* Euro rises above resistance at $1.35, highest since Nov. 2011
* U.S. economy unexpectedly contracts in 4th quarter
* Fed maintains near zero interest rates, continues asset purchases
* Yen slides to 2-1/2-year low vs U.S. dollar, more losses in store
By Daniel Bases
NEW YORK, Jan 30 (Reuters) - The U.S. dollar slid to a fresh 14-month low against the euro on Wednesday after the U.S. Federal Reserve kept interest rates near zero and maintained its bond-buying program to spur economic growth.
The Fed’s decision to maintain its $85 billion a month bond-buying program is geared toward boosting the economy and is not likely to stop until the outlook for unemployment improves substantially.
Loose monetary policy gives investors less incentive to buy and hold U.S. dollars, thereby contributing to its weakness.
“This was broadly in line with expectations,” said Michael Woolfolk, senior currency strategist at BNY Mellon in New York.
“So the mood of the market has not changed much at all. And certainly after the U.S. data this morning, particularly the GDP report, we can expect the Fed to continue with their very accommodative monetary policy, and that’s negative for the dollar,” he said.
The euro spiked to a fresh high of $1.3587, a gain of roughly 0.70 percent, according to Reuters data. The euro zone currency was already stronger against the greenback after the U.S. Commerce Department earlier reported an unexpected 0.1 percent contraction in U.S. fourth quarter economic activity,
The weakness in the U.S. economy, while likely short-lived, say economists, contrasted against an improving economic outlook in the euro zone. It was the first time the U.S. economy shrank since the 2007-09 recession.
The euro broke above key resistance at $1.35 and traders said the rally has further to go after recent positive news on the German economy and Europe’s banks.
Further upside targets for the euro are at $1.3640, the high in mid-November, 2011, and $1.3833-35, the 61.8 percent retracement of the move down from May 2011 to July 2012, which also coincides with the July 2011 low.
Euro zone data showed the region’s economic sentiment rose for the third month in a row, while European Central Bank policymaker Ewald Nowotny said the recovery was seeping into the real economy.
The dollar traded at 91.19 yen, a rise of 0.51 percent on the day. It earlier touched a 2-1/2-year high at 91.40 yen according to Reuters data. Traders reported an option barrier at 91.50 yen, which could cap gains in the near term.

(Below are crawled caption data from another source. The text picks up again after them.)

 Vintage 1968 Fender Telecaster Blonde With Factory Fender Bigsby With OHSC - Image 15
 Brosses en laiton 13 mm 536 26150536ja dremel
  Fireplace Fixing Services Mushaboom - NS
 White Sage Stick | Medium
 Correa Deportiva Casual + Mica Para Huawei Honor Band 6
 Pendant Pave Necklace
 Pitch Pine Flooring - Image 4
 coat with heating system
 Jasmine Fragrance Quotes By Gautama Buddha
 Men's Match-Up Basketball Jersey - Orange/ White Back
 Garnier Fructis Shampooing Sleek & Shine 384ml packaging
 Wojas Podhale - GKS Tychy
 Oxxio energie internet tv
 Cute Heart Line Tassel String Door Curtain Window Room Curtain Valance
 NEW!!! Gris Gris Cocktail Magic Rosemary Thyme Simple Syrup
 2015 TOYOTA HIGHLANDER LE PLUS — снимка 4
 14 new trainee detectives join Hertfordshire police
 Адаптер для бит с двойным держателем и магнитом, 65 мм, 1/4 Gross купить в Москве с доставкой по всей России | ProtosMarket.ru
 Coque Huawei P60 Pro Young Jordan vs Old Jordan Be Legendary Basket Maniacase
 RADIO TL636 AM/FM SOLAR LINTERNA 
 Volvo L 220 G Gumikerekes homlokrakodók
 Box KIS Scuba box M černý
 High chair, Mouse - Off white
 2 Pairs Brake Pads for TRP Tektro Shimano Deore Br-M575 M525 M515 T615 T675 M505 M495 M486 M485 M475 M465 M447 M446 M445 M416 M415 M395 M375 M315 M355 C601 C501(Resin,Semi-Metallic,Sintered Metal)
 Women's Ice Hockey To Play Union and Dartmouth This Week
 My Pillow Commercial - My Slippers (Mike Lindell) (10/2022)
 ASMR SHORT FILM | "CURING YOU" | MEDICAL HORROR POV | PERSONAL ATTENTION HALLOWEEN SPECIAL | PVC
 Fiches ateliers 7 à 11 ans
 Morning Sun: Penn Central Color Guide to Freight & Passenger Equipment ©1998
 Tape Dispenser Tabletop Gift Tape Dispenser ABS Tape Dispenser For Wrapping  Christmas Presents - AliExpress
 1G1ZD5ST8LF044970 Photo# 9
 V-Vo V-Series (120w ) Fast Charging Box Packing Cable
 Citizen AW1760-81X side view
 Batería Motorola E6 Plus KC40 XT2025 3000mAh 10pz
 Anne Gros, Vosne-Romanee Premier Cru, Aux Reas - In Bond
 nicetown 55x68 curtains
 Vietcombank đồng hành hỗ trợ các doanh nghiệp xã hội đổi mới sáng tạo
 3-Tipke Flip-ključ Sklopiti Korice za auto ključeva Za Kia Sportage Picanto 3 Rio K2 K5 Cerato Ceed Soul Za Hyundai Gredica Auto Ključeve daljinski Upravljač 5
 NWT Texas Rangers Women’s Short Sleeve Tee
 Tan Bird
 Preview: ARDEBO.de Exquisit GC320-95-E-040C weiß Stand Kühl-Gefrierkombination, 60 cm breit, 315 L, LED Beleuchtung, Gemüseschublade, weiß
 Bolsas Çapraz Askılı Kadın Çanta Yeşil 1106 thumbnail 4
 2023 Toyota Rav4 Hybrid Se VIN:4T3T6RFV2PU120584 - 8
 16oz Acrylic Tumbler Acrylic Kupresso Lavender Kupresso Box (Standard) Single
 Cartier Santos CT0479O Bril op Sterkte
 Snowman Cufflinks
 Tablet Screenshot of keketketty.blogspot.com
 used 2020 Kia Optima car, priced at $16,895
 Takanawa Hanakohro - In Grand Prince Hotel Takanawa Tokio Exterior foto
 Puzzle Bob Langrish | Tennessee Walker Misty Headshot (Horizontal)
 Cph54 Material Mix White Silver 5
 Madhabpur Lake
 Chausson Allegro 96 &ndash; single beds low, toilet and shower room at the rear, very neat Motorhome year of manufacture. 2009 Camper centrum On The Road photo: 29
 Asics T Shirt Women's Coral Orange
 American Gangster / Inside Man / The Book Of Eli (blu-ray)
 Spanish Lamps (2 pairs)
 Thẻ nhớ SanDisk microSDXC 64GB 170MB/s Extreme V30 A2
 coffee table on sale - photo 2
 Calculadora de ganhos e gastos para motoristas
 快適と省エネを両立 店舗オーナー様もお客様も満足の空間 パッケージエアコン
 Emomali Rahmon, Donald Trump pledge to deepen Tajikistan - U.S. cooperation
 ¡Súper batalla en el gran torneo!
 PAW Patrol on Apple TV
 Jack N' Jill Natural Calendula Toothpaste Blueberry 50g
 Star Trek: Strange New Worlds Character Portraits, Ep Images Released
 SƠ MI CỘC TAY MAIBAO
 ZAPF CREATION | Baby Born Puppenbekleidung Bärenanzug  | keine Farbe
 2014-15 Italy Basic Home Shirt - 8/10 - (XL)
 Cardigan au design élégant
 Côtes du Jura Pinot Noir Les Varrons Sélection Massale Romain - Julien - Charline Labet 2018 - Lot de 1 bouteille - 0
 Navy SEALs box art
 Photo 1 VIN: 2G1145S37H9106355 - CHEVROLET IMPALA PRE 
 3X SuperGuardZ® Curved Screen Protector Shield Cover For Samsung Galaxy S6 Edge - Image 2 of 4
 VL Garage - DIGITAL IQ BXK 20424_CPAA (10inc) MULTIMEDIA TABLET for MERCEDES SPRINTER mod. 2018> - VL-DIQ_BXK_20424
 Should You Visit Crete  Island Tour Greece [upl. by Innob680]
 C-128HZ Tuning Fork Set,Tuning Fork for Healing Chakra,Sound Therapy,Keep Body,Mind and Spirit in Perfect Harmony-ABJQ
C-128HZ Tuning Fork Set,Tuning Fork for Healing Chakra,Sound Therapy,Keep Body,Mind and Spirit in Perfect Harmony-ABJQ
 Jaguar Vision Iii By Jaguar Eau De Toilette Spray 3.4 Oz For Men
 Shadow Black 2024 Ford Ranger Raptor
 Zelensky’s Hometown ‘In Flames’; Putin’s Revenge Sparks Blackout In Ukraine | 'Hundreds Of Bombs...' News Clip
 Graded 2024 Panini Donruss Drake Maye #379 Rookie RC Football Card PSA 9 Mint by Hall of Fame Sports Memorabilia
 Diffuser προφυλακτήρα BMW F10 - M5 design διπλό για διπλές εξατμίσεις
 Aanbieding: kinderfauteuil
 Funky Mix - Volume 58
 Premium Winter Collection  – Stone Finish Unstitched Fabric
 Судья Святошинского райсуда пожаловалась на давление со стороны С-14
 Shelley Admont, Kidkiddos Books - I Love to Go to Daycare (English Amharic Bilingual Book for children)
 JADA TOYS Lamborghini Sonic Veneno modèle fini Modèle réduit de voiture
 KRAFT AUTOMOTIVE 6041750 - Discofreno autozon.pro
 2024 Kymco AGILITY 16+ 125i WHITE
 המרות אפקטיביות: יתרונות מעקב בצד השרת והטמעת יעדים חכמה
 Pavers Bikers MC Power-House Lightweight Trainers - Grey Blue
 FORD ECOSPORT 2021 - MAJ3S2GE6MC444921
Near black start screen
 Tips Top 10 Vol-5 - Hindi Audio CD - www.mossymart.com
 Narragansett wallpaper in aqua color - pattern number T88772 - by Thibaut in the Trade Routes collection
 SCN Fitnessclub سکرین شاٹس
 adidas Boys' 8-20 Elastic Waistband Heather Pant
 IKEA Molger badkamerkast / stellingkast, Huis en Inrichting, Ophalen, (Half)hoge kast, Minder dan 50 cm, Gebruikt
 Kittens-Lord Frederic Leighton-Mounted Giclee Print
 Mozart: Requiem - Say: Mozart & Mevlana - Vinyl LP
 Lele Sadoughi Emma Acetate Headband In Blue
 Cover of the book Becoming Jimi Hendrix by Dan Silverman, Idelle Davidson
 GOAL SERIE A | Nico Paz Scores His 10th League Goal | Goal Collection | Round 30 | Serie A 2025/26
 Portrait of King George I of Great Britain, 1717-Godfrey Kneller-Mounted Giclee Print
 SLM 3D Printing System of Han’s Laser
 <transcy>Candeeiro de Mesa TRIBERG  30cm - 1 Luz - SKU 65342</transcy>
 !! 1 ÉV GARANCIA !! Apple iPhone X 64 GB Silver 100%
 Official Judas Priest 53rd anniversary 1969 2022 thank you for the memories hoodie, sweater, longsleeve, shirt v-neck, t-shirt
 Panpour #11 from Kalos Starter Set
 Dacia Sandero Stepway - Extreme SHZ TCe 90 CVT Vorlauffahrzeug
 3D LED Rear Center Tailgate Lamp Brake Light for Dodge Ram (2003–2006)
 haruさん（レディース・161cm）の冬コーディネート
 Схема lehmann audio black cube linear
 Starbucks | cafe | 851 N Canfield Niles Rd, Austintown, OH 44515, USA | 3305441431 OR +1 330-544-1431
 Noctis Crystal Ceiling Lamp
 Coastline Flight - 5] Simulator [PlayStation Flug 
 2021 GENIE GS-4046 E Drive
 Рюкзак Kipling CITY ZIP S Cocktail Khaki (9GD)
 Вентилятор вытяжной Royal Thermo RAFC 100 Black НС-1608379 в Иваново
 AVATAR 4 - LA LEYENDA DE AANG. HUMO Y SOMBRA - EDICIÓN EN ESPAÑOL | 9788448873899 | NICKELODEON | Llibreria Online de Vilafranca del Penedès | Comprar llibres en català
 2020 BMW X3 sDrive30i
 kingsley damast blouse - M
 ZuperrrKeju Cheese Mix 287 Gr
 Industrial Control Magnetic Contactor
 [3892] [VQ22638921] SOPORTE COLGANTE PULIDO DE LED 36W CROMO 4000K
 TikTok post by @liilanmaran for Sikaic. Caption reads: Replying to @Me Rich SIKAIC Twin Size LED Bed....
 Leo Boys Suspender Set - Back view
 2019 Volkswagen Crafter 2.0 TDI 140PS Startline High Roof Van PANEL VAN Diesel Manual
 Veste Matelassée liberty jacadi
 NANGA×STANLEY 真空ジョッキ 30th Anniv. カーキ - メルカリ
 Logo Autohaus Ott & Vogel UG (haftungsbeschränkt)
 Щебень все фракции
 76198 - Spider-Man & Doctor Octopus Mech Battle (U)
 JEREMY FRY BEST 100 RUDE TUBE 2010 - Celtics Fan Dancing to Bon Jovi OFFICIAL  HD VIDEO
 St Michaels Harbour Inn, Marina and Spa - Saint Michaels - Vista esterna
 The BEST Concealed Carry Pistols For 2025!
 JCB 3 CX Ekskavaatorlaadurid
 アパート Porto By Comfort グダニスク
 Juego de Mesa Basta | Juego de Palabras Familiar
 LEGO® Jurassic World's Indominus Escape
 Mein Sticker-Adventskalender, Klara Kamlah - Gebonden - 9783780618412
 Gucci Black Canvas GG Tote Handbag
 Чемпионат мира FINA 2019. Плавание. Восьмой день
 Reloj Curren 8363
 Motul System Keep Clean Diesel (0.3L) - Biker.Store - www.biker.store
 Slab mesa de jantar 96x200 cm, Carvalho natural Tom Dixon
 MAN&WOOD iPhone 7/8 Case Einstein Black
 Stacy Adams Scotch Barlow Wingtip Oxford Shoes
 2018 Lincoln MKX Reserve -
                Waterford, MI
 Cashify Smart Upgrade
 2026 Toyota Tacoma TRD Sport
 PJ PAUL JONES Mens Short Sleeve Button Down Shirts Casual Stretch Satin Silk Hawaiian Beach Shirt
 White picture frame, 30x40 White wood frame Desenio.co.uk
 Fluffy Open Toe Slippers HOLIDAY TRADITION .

Selling the yen has been mostly a one-way bet since mid-November, based on expectations that Japanese Prime Minister Shinzo Abe would push the BOJ into more aggressive monetary easing to beat deflation.
“We have a forecast of 95 yen for this quarter but even that could be exceeded given the pace of the current moves,” said Ian Stannard, head of European FX strategy at Morgan Stanley.
A separate report Wednesday showed U.S. private employers added 192,000 jobs in January, more than economists were expecting, in a sign of growth in the labor market. The data comes two days ahead of the all-important government nonfarm payrolls report.